Simply abominable...
I'm sorry, but WRONG!!!
Try this one: Geeky Thief walks into your house with a handheld device, swishes it around a few times and walks out with the smallest and most easiest carried objects that just told the intruder where they are hidden. Wonderful.
Move faster
Till we heard about Echelon, we never knew that such a massive operation is underway by Democracies such as USA,UK,Australia,Canada and New Zealand. Don't forget that Echelon is run by democratic governments but the French have accused these countries of using the network for corporate espionage.The massive increase in computing power has increased the possibility of maintaining a database about citizens.
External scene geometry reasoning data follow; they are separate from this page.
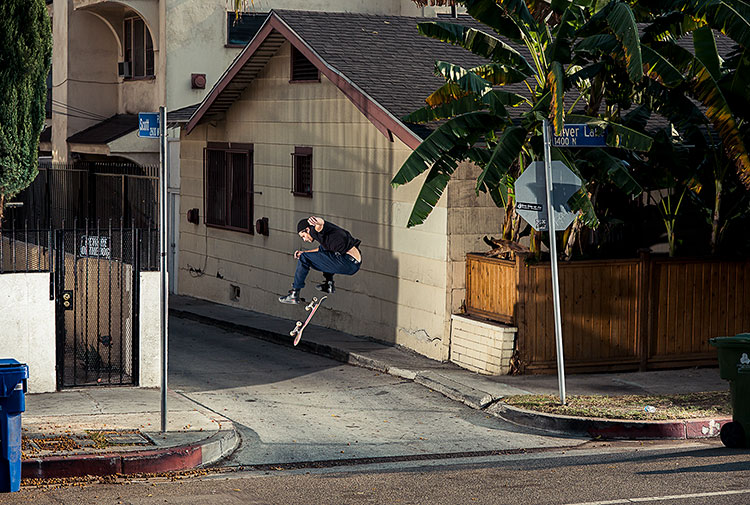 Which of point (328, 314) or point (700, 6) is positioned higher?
point (700, 6)

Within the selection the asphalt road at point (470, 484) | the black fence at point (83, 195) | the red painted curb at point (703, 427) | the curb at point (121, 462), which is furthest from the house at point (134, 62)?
the asphalt road at point (470, 484)

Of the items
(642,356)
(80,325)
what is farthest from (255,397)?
(642,356)

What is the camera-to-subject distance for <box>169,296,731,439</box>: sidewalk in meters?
12.0

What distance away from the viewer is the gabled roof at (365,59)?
16484 millimetres

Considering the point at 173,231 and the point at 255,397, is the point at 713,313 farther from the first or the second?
the point at 173,231

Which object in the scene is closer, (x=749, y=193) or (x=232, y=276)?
(x=749, y=193)

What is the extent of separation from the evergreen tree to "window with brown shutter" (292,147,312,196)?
535 centimetres

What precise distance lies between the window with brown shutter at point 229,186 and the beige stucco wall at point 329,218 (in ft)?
0.73

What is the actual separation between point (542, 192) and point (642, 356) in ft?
12.0

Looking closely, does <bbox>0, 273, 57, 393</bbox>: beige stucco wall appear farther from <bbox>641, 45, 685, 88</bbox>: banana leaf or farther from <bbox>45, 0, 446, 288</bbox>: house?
<bbox>45, 0, 446, 288</bbox>: house

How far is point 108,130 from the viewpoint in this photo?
88.4ft

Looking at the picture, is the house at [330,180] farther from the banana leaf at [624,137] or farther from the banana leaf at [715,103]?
the banana leaf at [715,103]

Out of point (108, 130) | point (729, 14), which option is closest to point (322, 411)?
point (729, 14)

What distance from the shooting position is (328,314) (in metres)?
19.0
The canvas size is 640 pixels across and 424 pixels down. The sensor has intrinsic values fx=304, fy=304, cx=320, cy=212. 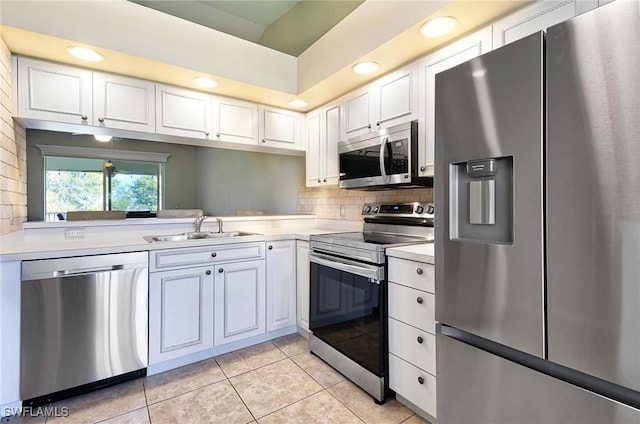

Technically it is possible to maintain such a database using high end architectures such as Cray supercomputers.Recently, a florida based firm has developed a rice grain sized transmitter for US army which can pinpoint the position of the soldiers in the war situation using GPS. It is a great invention as far as war scenario is concerned, but would you like someone to maintain a database of where you have been going, what you have been doing, which night clubs you visit, who you have been meeting?The idea of such a databse and the possible uses of it is really frightening. Who will administer it? What are the chances that such data is not used for corporate espionage or political purposes or pure blackmail? More often than not it will be used for wrong purposes.
It is likely to be a reality. We may not like it, but it is going to happen, because nobody seeked the permission of US Congress or UK parliament before setting up The Echelon network, so we should not assume that it is going to be done this time around.
One just hopes that this technology is used to trace criminals, rapists and Terrorists, if that is done, we can find some solace in living in such a world.